§ **Problem statement**:
The answer is the line with "Meinl Classics Custom" and every line after it to the end of the listing, retyped exactly. Pictures do not belong in it.

§ **Supplied material**:
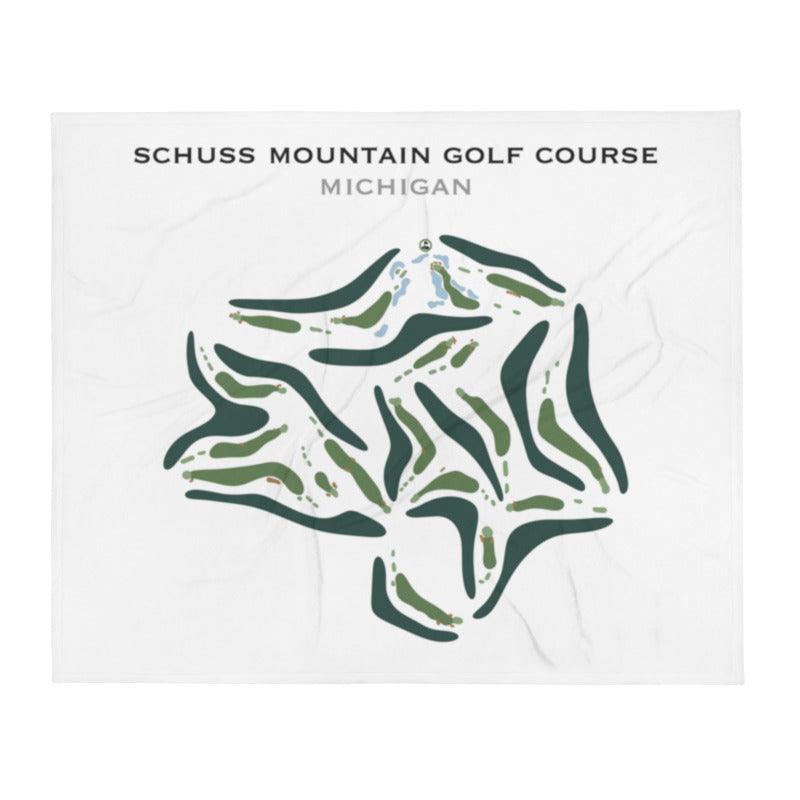 Schuss Mountain Golf Course, Michigan - Golf Course Prints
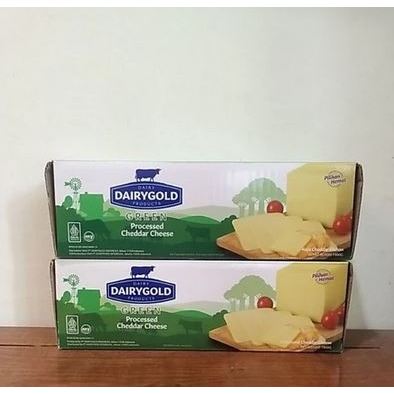 

Dairygold Keju Cheddar 1.9kg - High Quality Cheese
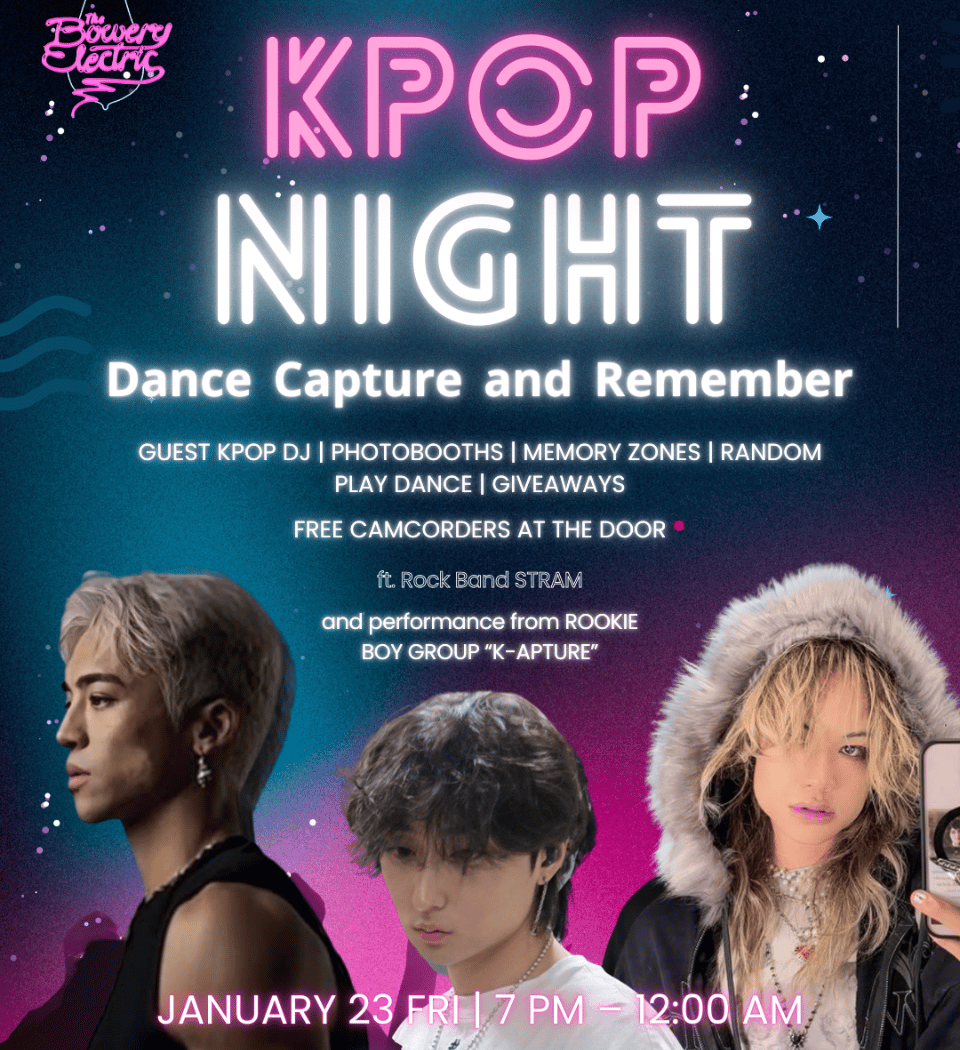 KPOP Night 1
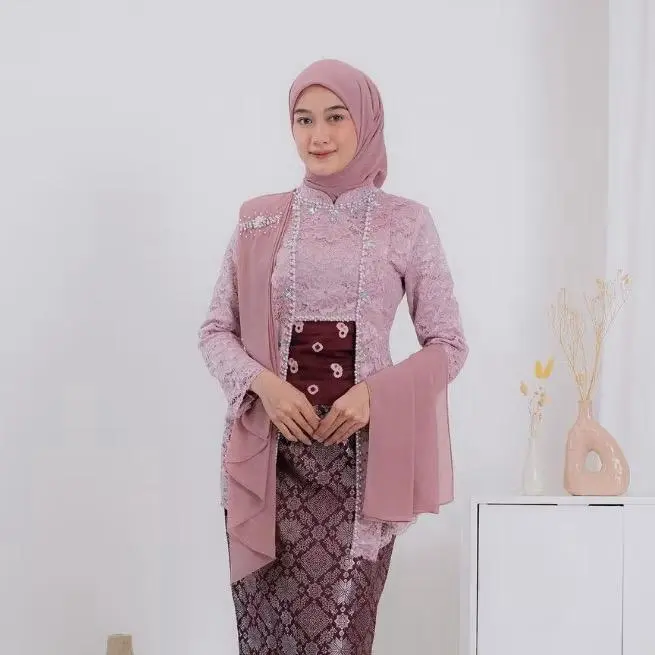 LAKSMI KEBAYA+ROK rose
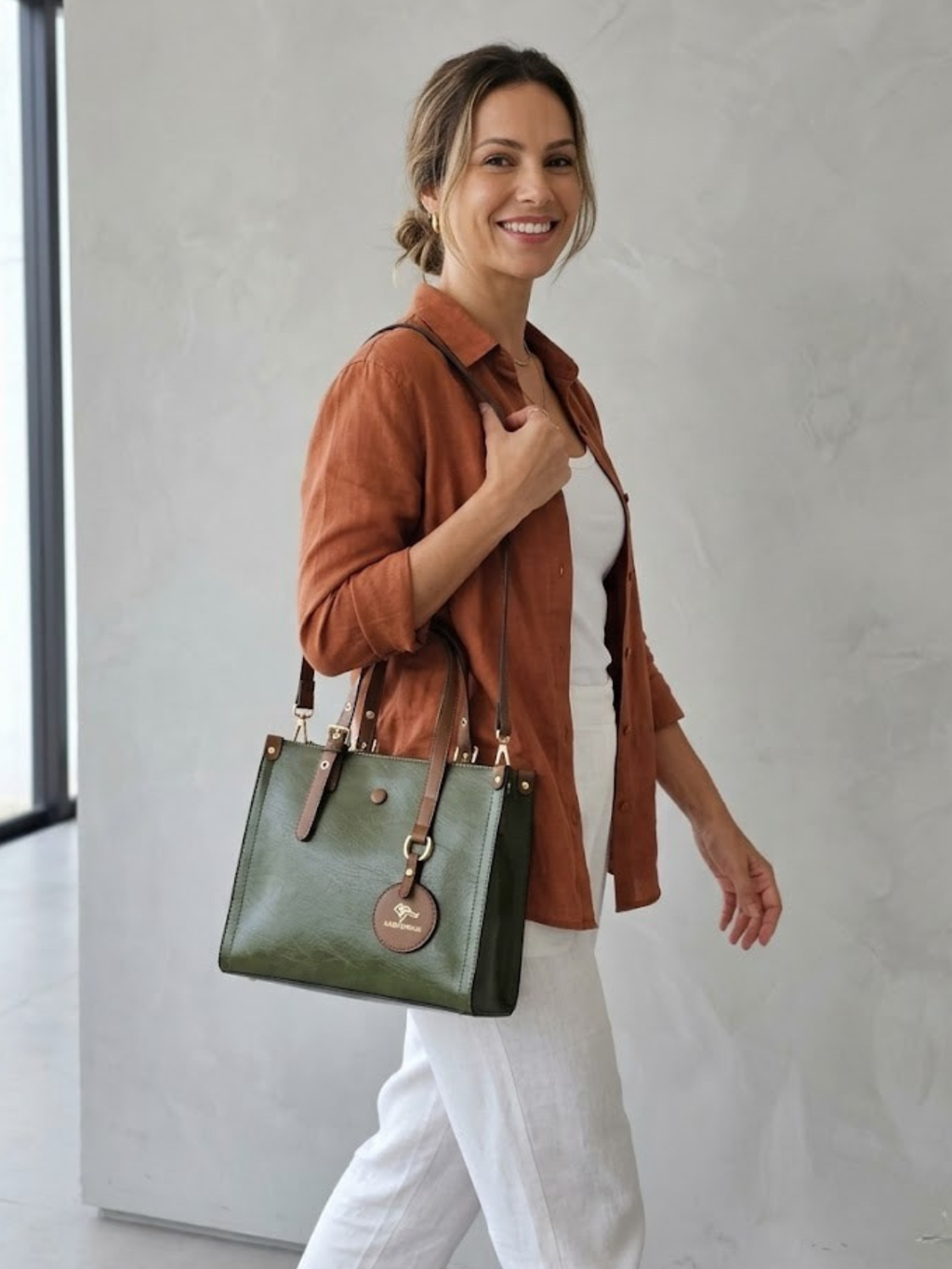 Bolsa Vintage Luxe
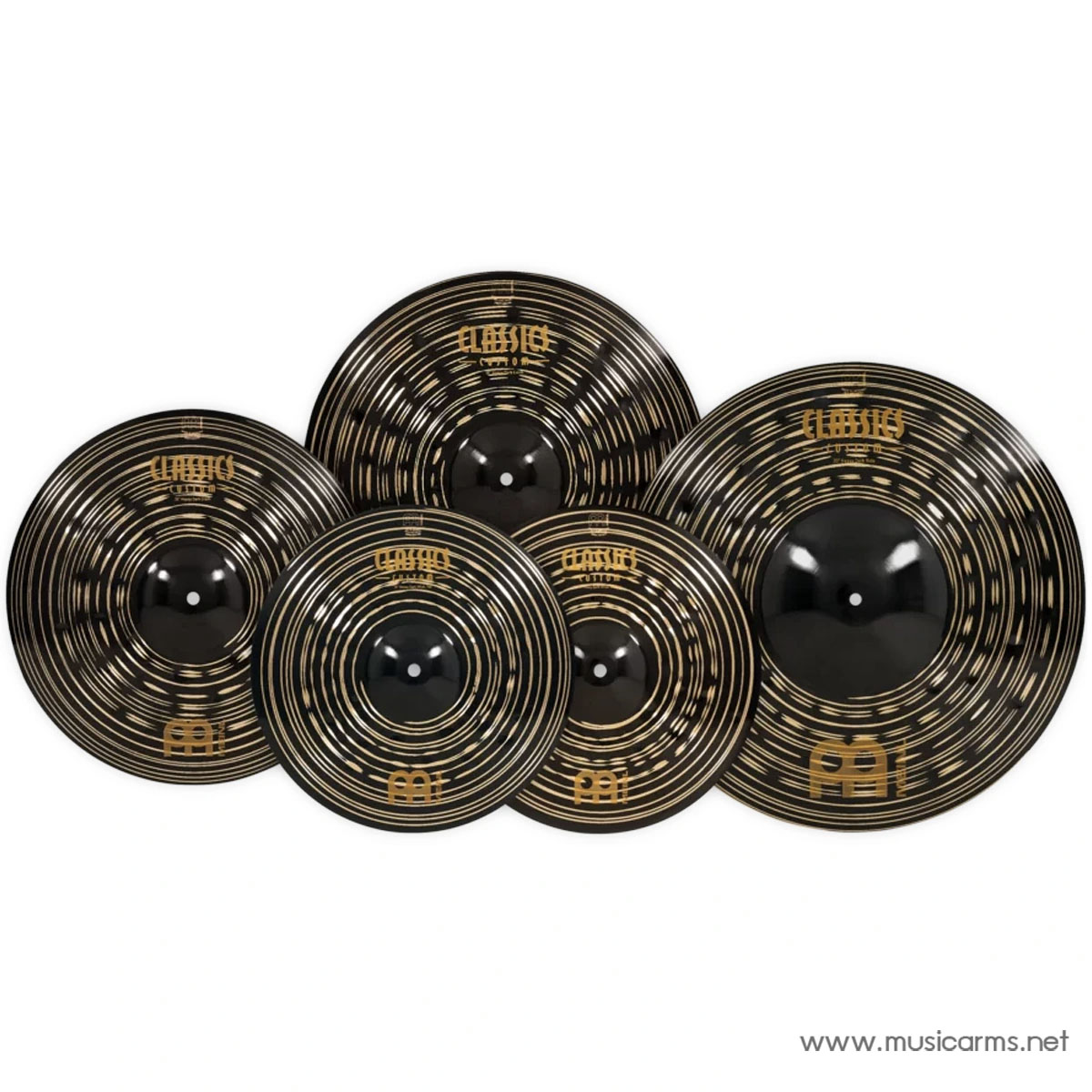Meinl Classics Custom Dark Expanded Cymbal Set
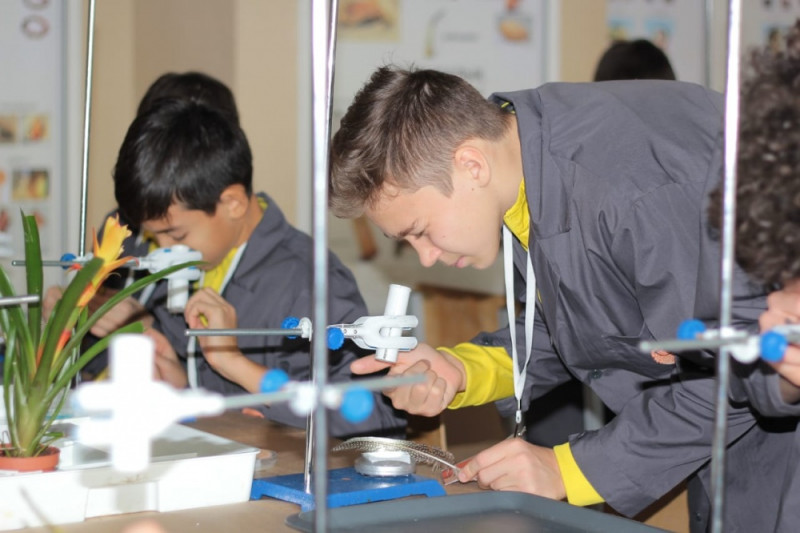 Воспитанники «Кайрата» приняли участие в третьей программе проекта «Умный Алматы»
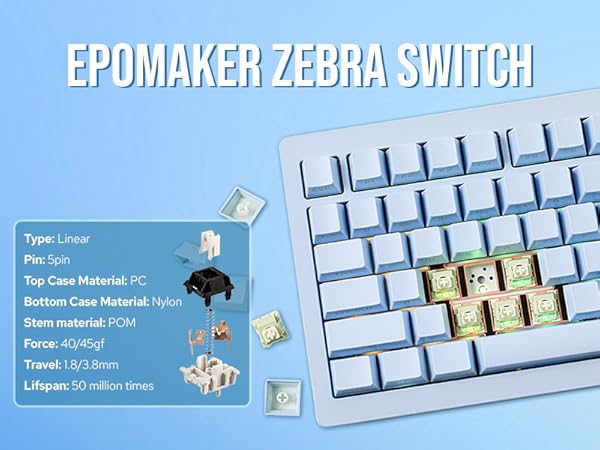 75% mechanical keyboard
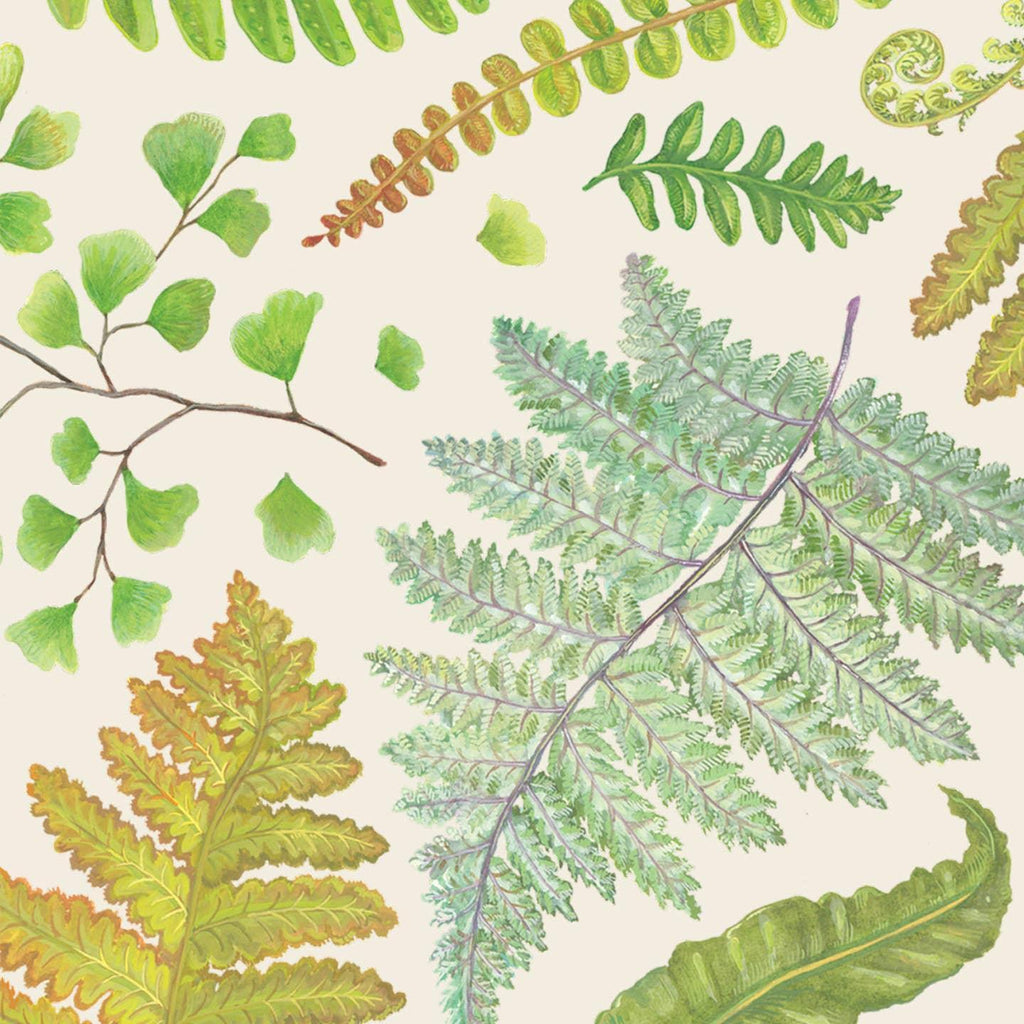 Fern Cocktail Napkin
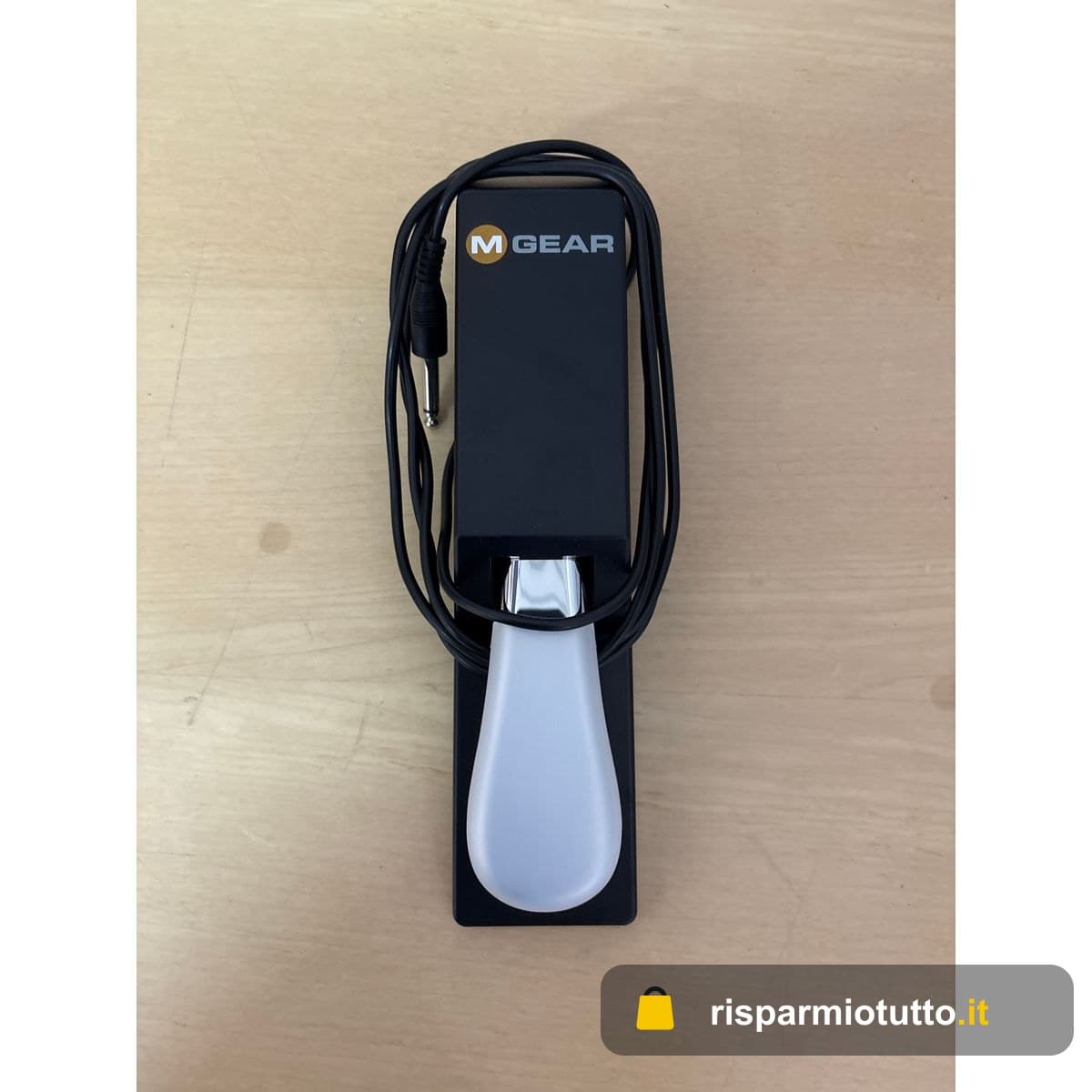 M-AUDIO SP-2 - Pedale di Sustain Universale per Tastiera Elettronica, Pianola, Pianoforte Digitale in Stile Pianoforte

§ **Solution to this task**:
Meinl Classics Custom Dark Expanded Cymbal Set
 Воспитанники «Кайрата» приняли участие в третьей программе проекта «Умный Алматы»
 75% mechanical keyboard
 Fern Cocktail Napkin
 M-AUDIO SP-2 - Pedale di Sustain Universale per Tastiera Elettronica, Pianola, Pianoforte Digitale in Stile Pianoforte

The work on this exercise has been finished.